С большим риском обе пленки были отправлены на волю. Первая из них жива и хранится в московском "Мемориале". Я сама видела по НТВ передачу (ее вел Лев Новожёнов), в которой прокручивали эту пленку. У второй судьба более печальна. Мы передали ее на "Голос Америки", где она и прозвучала впервые (правда, с некоторыми сокращениями). Там же она потом и пропала. Впоследствии, рассказывая об этом в одном из своих московских телеинтервью, А.Гинзбург добавлял: "Наши надзиратели к этому времени уже привыкли слушать западное радио, вздрагивая иногда, когда вдруг звучали их фамилии. Но когда по "Голосу Америки" они услышали наши собственные голоса, говорят, у начальника лагеря случился сердечный приступ". История с Биллом Коулом, описанная Ю. Крохиным, имела место, но уже позже.

И последнее. В 1997 году из "Русской мысли" были уволены 6 сотрудников. Сегодня, благодаря Ю. Крохину, мы имеем, наконец, возможность понять, что же тогда случилось. Он пишет: "В 1997 году И.Иловайская вместе с протоиереем Иоанном Свиридовым, ставшим ее правой рукой, изменила курс издания. Были уволены несколько сотрудников, в том числе Арина и Александр Гинзбург (так - А.Г.). Арине и Алику потеря любимой работы нанесла глубокую душевную травму".

Что-то я не помню, чтобы А.Гинзбург жаловался кому-то на "душевные травмы". Но я отлично помню, что в этой истории "изменения курса" приняли участие и еще некоторые доброжелатели, которые вскоре и заняли освободившиеся места уволенных. Теперь, видимо, наступило время, когда хочется от этого отмежеваться, тем более что покойная И.Иловайская не может им ни возразить, ни ответить.

... У каждого из нас есть копирайт на собственную судьбу. Так научитесь же относиться к этому с уважением.
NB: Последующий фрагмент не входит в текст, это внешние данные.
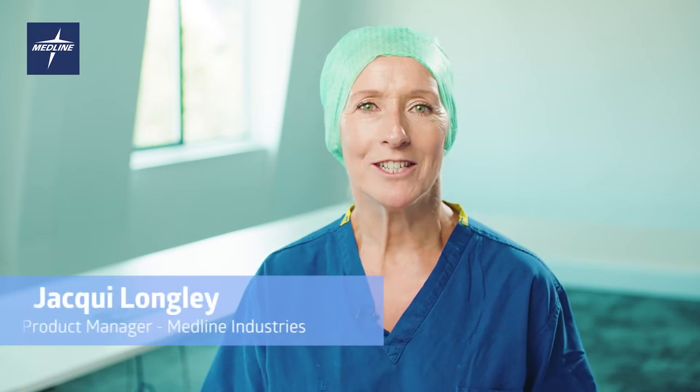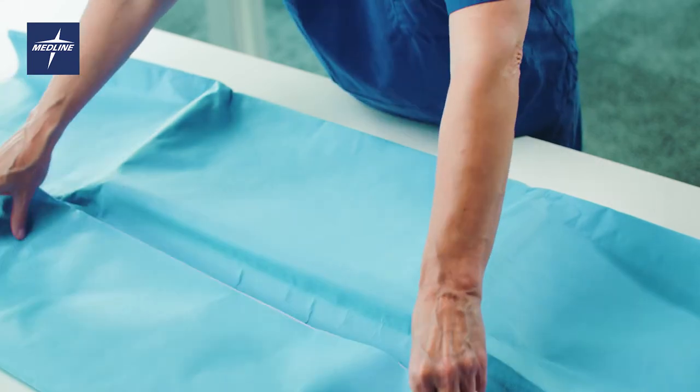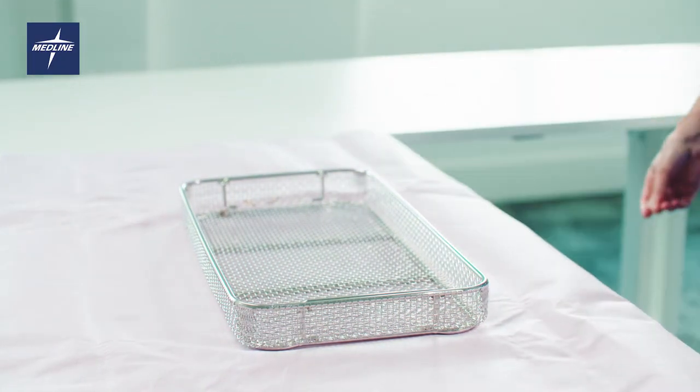My name is Jackie Longley, Product Manager from Medline. In this video I'm going to demonstrate how to aseptically open Gemini bonded sterilization wrap.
В № 21 (4554) 2-8 июня 2005 года "Русская мысль" опубликовала мое письмо в редакцию газеты.

 

Доброе дело не останется безнаказанным

Письмо в редакцию А. С. Гинзбург, последовавшее за публикацией в трех номерах газеты фрагментов последней части моей книги "Когда вылетает сова Минервы", заставило взяться за перо, хотя не в моих правилах отвечать на подобного рода выступления. Недопустимый, оскорбительный тон письма, передергивание фактов делают какой-либо диалог невозможным. И все-таки считаю нужным внести некоторые уточнения - для читателей газеты.

Причина ярости госпожи Гинзбург ясна как день. Ее объяснение - в приведенных словах Раневской о том, что Ахматова не просила ее писать воспоминания. Пример неудачный. Замечу, что Ахматова не просила ни Лидию Чуковскую писать ее "Записки", ни Анатолия Наймана его книгу о ней. Полагаю, Эренбург ни у кого не спрашивал разрешения писать "Люди, годы, жизнь"...

Итак, Арина Сергеевна не просила меня писать о жизни ее семьи, а я взялся не за свое дело. Да еще и налгал, как она утверждает. Только лукавит госпожа Гинзбург.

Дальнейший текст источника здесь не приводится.